Operating profit was £172m, an increase of 21 per cent on the 2004.
Management said that growth was driven by the five power brands in the region, Trident, Dentyne, Halls, Cadbury and the Bubbas, which account for 70 per cent of sales.
In the US, gum was responsible for sales growth of 11 per cent, with new product line extensions being launched.
The Americas region's emerging markets also increased sales, up 10 per cent in Mexico and 15 per cent in Brazil.
In the Europe, Middle East and Africa region there was a sales increase of four per cent.
Confectionery sales in Africa and Russia grew by a total of 11 per cent.
In Western Europe the company focused on gum and sugar confectionery.
Management reported that Cadbury grew its market share in gum in most countries thanks to new products.
Sales of Hall's in Russia were up 52 per cent.
The company has indicated that premium chocolate in the UK is a big area for potential development.
Management said during the results press conference that it had established a twofold strategy to initiate growth in the UK premium market.

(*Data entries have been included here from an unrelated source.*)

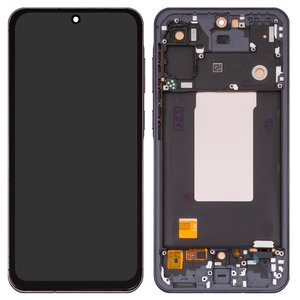 Дисплей для Samsung A566 Galaxy A56, черный, с рамкой, Сopy, TFT 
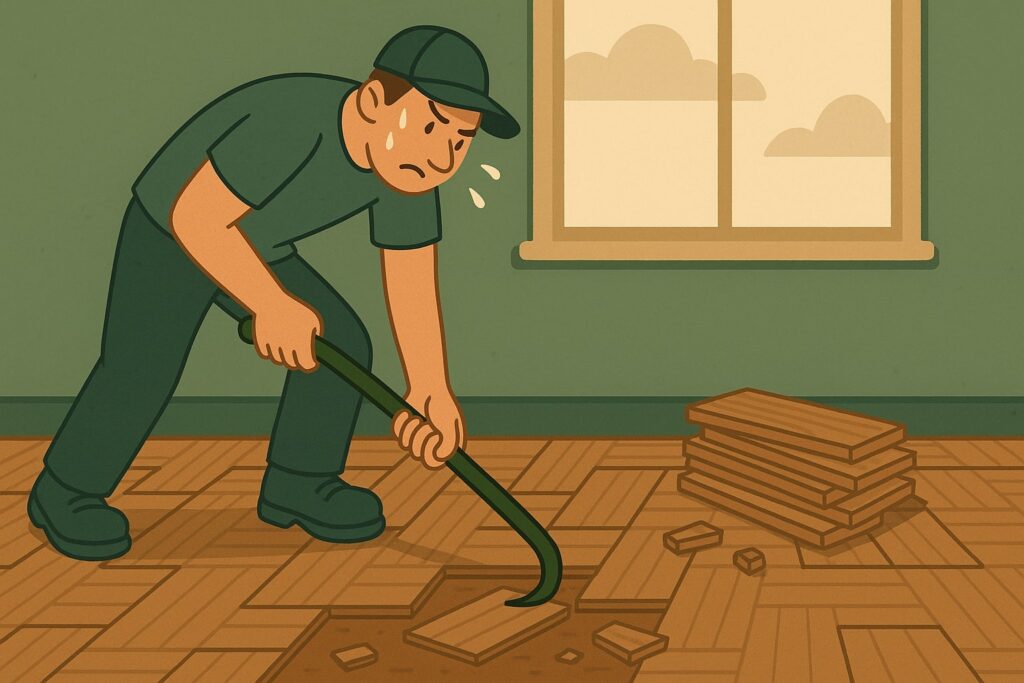 parketvloer verwijderen, parketvloer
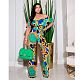 Summer Casual Print Off Shoulder Short Sleeve High Waist Wide Leg Loose Women Jumpsuit NK-8605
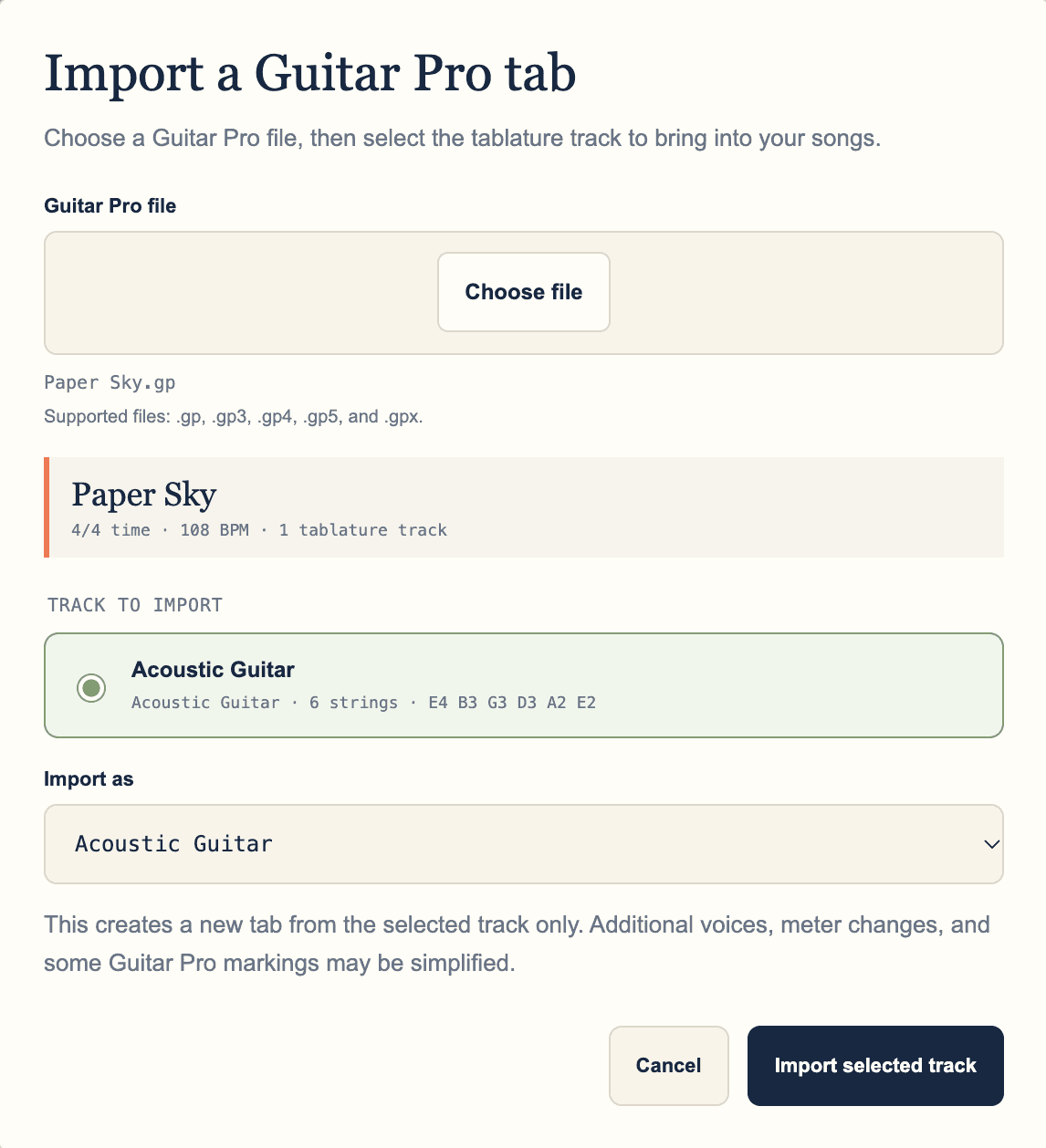 TabComposer Guitar Pro import dialog with a selected file and track, an instrument selector, and an import action.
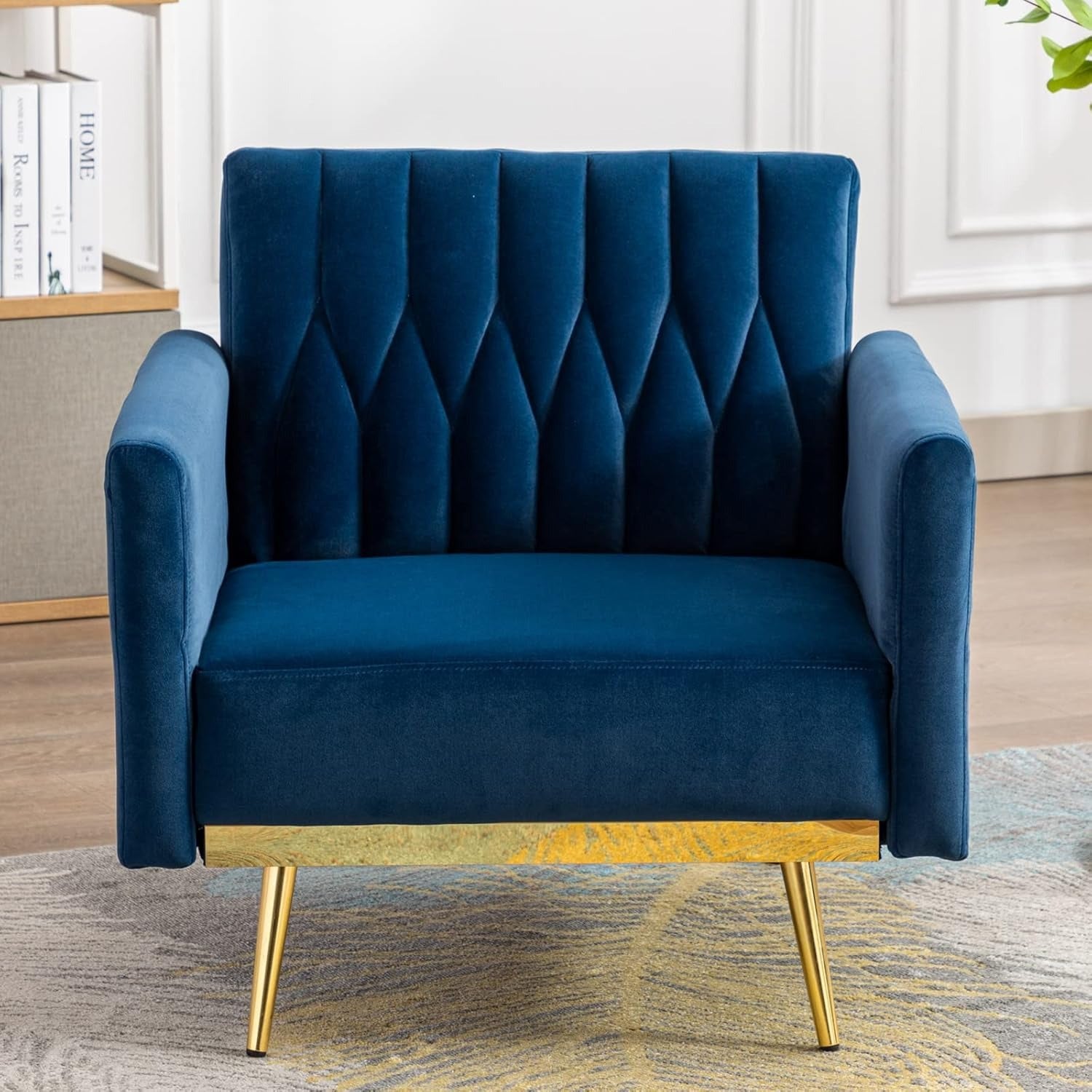 Blue Convertible Sofa Lounge Chair with Ottoman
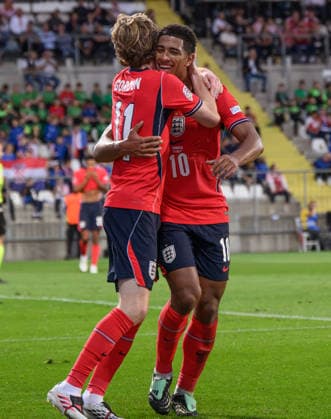03 October 2026 - Croatia v England - UEFA Nations League - Stadion HNK - Rijeka - Croatia. Croatia v England - UEFA Nations League - Stadion HNK - Rijeka - Croatia. England s Anthony Gordon celebrates his goal with Jude Bellingham. Picture : Mark Pain RIJEKA CROATIA Copyright: xMarkxPainx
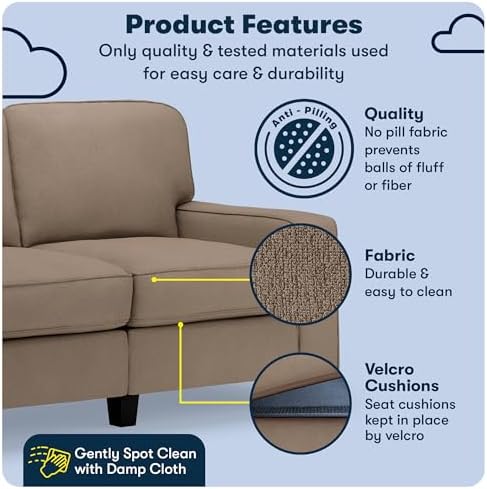 Serta Palisades 61" Track Arm Sofa, Easy Care Polyester, Soft Pillow Back - Image 3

As well as acquisitions, such as the purchase of Green and Blacks, Cadbury will seek to further its attempts at giving existing Cadbury brands premium appeal.
Sales in Asia Pacific last year furthermore showed signs that the development of emerging markets was important for the company.
Revenues for the region in 2005 totaled £1.2bn, an increase of 11 per cent.
Operating profit was £157m, up 19 per cent over last year.
New product launches increased sales in Australia and New Zealand by seven per cent.
Of the region's emerging markets India had the biggest sales growth, with increases of 14 per cent, giving Cadbury a 70 per cent market share.
In Thailand sugar-free gum helped Cadbury gain a 59 per cent market share.
The launch of Dentyne in Malaysia gave the confectioner a 17 per cent market share.
In China Cadbury re-launched its Dairy Milk range giving the company an 11 per cent increase in sales.
The company now holds a 20 per cent share of the Chinese market.